Yeeeehaaaaaaa! How’s it going? It’s Buford Balony here. My ex-girlfriend, Harpo, will be arriving in Australia very shortly.

Now, you might think the name Harpo isn’t feminine, but trust me, she was extremely feminine.

What a wonderful person she is! Many years ago, she worked in a grocery store in Nashville. I know this because just outside Nashville was an excellent place to shoot raccoons, squirrels, and all sorts of helpless animals.

Whenever I went shooting, I’d grab an apple to take along with me. For some reason, it always seemed lucky… I can’t explain why; it just is. Much like how you Australians never take bananas on a boat while fishing.

Let me tell you, every morning while I was buying my apple, I used to chat with Harpo, and she got a little infatuated with me…no, not my boy Cleedus! Hell, he wasn’t even born back then. No, I mean she fancied me, Buford Balony. And why wouldn’t she? I’m quite the handsome fella in the deep South. I won the title of ‘Man With Most Teeth’ in my hometown for two consecutive years.

Anyway, one evening, Harpo and I went out for a drink. We found a quiet little pub, started talking, and before long, she was holding my hand.

This was, of course, before I got the walts.

We were having such a grand time that we lost our inhibitions completely and ended up getting really drunk together. Maybe it was because we were so young and felt nervous . So, we headed back to my place, and she was really eager to get… you know… naked, and everything. She began to remove her blouse, which was lovely. Then she tossed her bra out my bedroom window… and let me tell you… that was the largest bra I have ever seen!
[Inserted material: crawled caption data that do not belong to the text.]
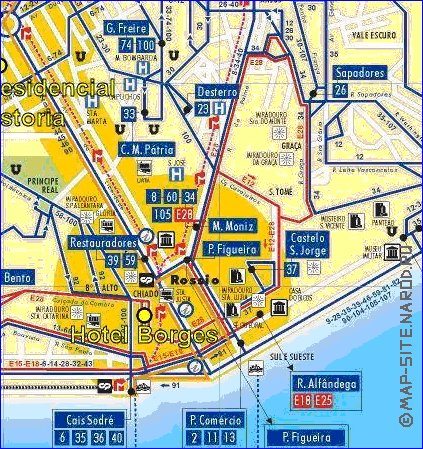 Transporte mapa de Lisboa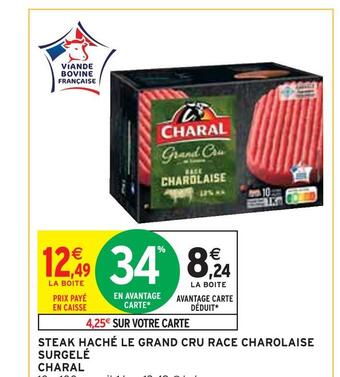 Intermarché Charal steak haché le grand cru race charolaise surgelé offre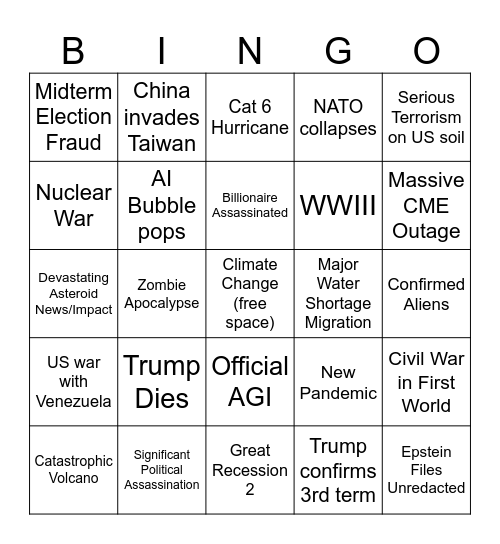 2026 Bingo Card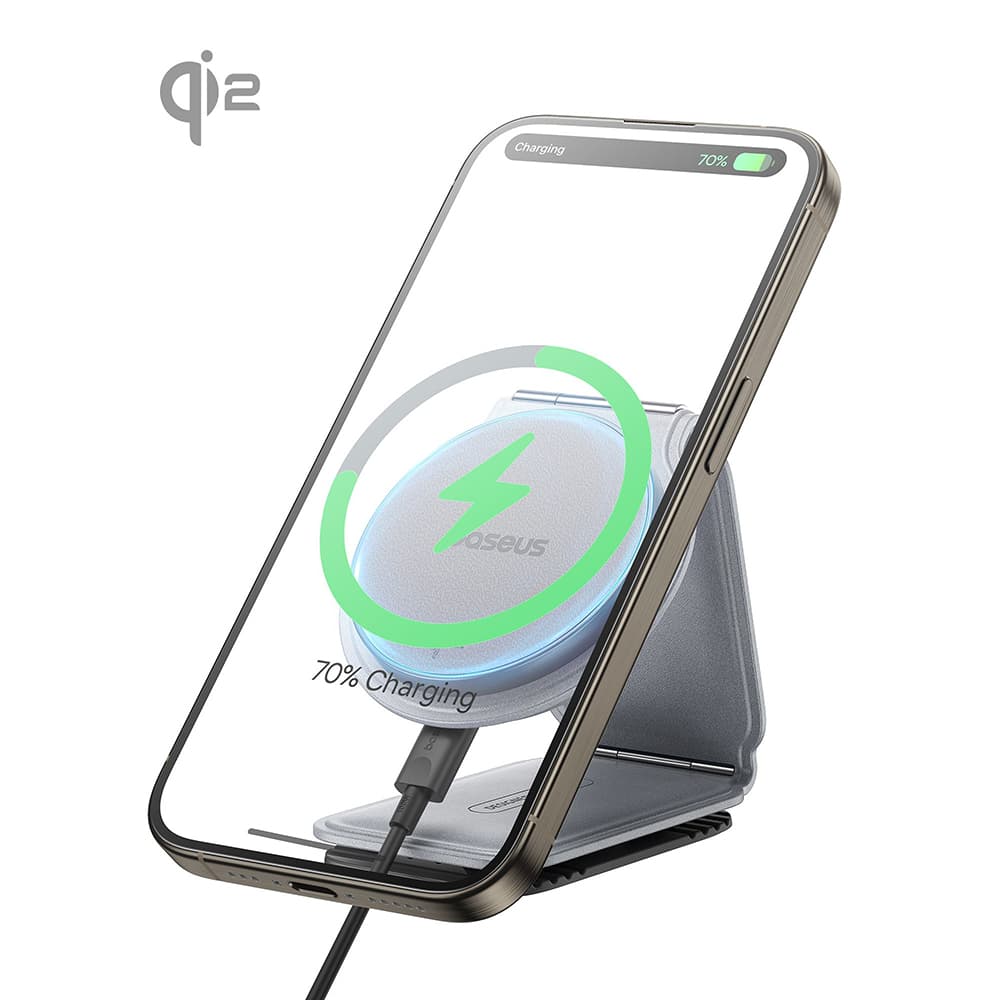 Baseus Car Holder s bezdrátovým nabíjením PrimeTrip C02 magnetický úchyt na palubní desku 15W matná šedá - náhled 3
After that, she sat on the bed, her bouncing titties right in front of me. This got me a bit… excited… and let me tell you, I had been needing to use the toilet for a while. With all the drinks I had, I ended up having an accident in my big Y-fronts. Harpo started cursing at me, and I bolted out of there faster than a flash.

You see, she’s such a great person and treats everyone well… she didn’t deserve someone like me. She’s always helping others, and when she comes to Australia, she’s footing the bill for a bunch of her friends to join her… isn’t that generous?

She’s even given away cars to total strangers. Of course, she doesn’t work at the grocery store anymore; she’s got plenty of money now.

Speaking of Harpo, I remember… I shot a really fat hog last week, stuffed my apple straight into its mouth, and Mama whipped up a delightful meal.

There’s something so captivating about Mama when she’s cooking. She’s beautiful with long hair cascading down her back… though not on her head anymore… you see, she once got a little too close to the flames while preparing some skunk. Ironically, she now resembles a skunk herself.

As I’ve mentioned before, I got myself satellite TV, and I’ve been watching the AFL playoffs, which have been incredibly exciting. It’s a pity AFL couldn’t participate in the 100m Bolt race in Sydney. Can you imagine what might happen if they ran 100m? Jumpin’ Jehosafat!

Maybe the ground was just too tough for their little ol’ AFL (Absolutely Fucked Legs).

But it’s whatever, because the rugby boys would’ve beaten them anyway.

I need to head out now; Cleedus, my son, is learning to swim in the river, and I’ve got to ensure he stays safe—like he almost didn’t last week. He was struggling to stay afloat and reached for what he thought was a piece of floating wood, but it turned out to be an alligator.

I shot that alligator so many times… man… I got so caught up in shooting that I nearly forgot about poor Cleedus sinking.

Don’t worry, I saved him… just before I got that reptile on dry land.

Mama made me a fine pair of shoes and a nice belt from it, plus plenty of meat for everyone.

I hear you Aussies love your meat! That’s great, because the one thing I can’t stand is vegetarians… uuurrrgh! Living life without any meat in your colon just ain’t natural.

Anyways, I need to take off… so until we meet again, my Australian cousins… Yeeeeehhaaaaaa!